Thursday, March 31, 2005

Unique Name Assumption

I just read Andrew Newmans entry on the Unique Name Assumption (UNA). He thinks that not having an UNA is "weird, completely backwards and very non-intuitive". Furher he continues, that "It does seem perverse that the basis for this, the URI, is unique." He cites an OWL Flight paper that caused me quite some headache a few weeks ago (cause there was so little in it that I found to like).

Andrew, whose blog I really like to read, makes one very valid point: "
It doesn't really say, though, why you need non-unique names."

There was an OWL requirement that gives a short rationale for the UNA, but it seems it is not yet stated obvious enough.
Let's make a short jump to the close future: the Semantic Web is thriving, private homepages offer rich information sources about anything, and even the companies see the value of offering machine-processable information, thus, ontologies and knowledge bases everywhere!
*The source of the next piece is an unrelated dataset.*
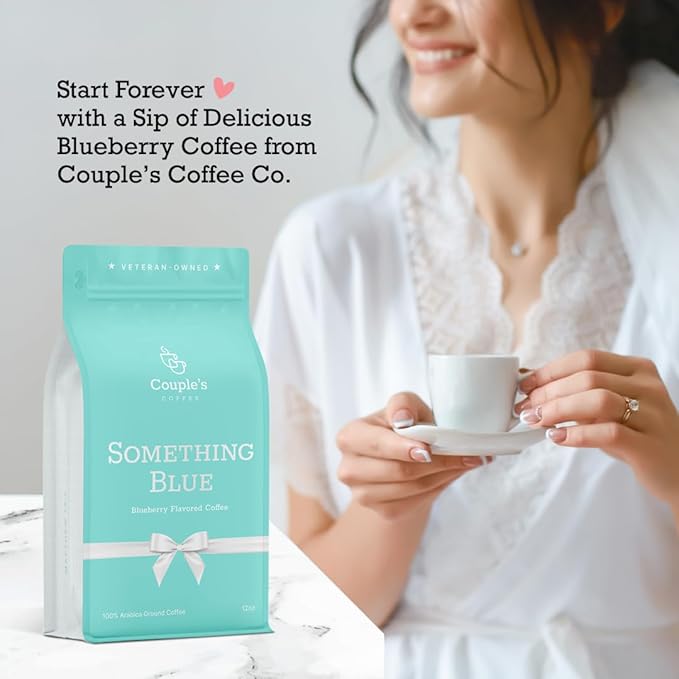 Couple’s Coffee Blueberry Flavored Ground Coffee | Something Blue Medium Roast Coffee | Perfect Something Blue Gift for Bride & Bride to Be Gifts | 12oz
People want to say how they liked the movie they just saw. They enrich their movie review with an RDF-statement that says http://semantic.nodix.net/movie#Ring_2 http://semantic.nodix.net/rating#rated http://semantic.nodix.net/rating#4_of_5. Or rather, their editor creates this statement automatically and publishes it along the review.

I'd be highly surprised if imdb would use the same URI for denoting the movie. They would probably use an imdb-URI. And so could I, using the imdb-specified URI for the movie. But I didn't, and I don't have to. If I want to state that this is the same movie, I can assert that explicitly. If I had UNA, I couldn't do that. The two knowledge bases could not work together.

With UNA, many knowledge bases relying on inverse functional properties would break as well. FOAF, for examples, uses this, identifiying persons with an IFP of their eMail-Hash. With UNA, this wouldn't work anymore.

Let's take another example. On my mothers webpage there could be a statement saying she has three kids, Jurica, Rozana and Zdenko. I would state on my page that I am my moms kid. My sister, being the social kind, tells the world about her mom and her two brothers, Jurica and Denny.
Now, if we have UNA, a reasoner would infer that one of us is lying. But all of us are very honest, trustworthy people. The problem here is, that my name is Zdenko, but most people refer to me as Denny. UNA says that Denny and Zdenko are the same person. If we have no UNA, we wouldn't believe that. But still we can state it explicitly: my mom could have said that she has three kids, Jurica, Rozana and Zdenko, and those are mutually distinct. Problem solved.

You could say, wait, if we had UNA we still could just claim that Zdenko owl:sameAs Denny, and the problem wouldn't arise. That is true. But then I would have to consider my moms statements. That maybe OK on a scale like this, but imagine this in the wilds of the web - you would have to consider every statement made about something, before you may state something as well. Impossible! And you would introduce non-monotonic inferences, and you probably wouldn't really want that.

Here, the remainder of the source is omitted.